Finally remember all the published work you read while working on your PhD. How much of it was truly perfect? And how much of it was badly written, full of incomprehensible sentences and small mistakes? If the underlying ideas are good enough it will still get published (and worrying about that is your adviser's job). You might not get it accepted on the first try, in your favorite top journal, but again that happens to everyone.

So in short, just try to "get on with it". (But as a footnote of course don't be afraid to look for professional help if those feelings start to impair your work.)


Your feelings might also be connected to a lack of experience in writing/publishing papers. You as a true expert in your field (I assume you are one after 5 years working on it) of course know what still could be added to your research. But a single paper does not have to save the world. If your results are good enough to answer your hypotheses, it will be a valuable contribution to the community even if progress is rather incremental.

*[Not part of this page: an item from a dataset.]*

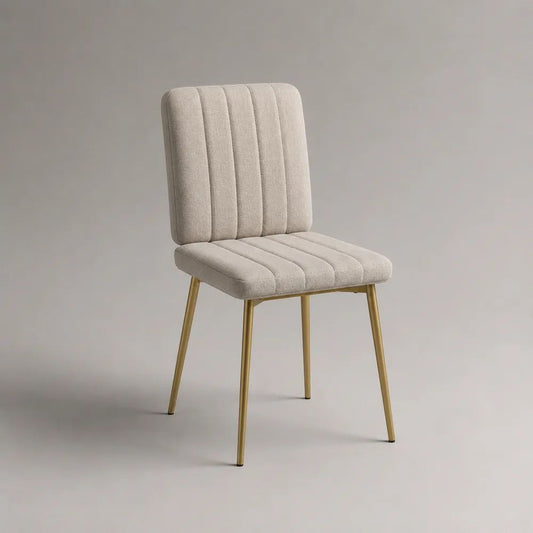 Sedia da pranzo imbottita in tessuto beige con gambe in acciaio dorato, 49 × 56 × 86 cm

One thing that often happens during a PhD is that results are somewhat different than expected. Then I often see that it is difficult for the students to re-formulate their hypotheses, they rather cling to the original ones. This inevitably results in a hard-to-read manuscript. But as soon as they start to rethink open-minded what their results really tell them, and forget what they expected their results should tell them, the texts become readable and their feelings towards their work improve a lot.

Maybe you can find a peer who is not involved in your work who can discuss your results with you to add another perspective? This can be done in addition to your advisor's advice which you could/should also seek.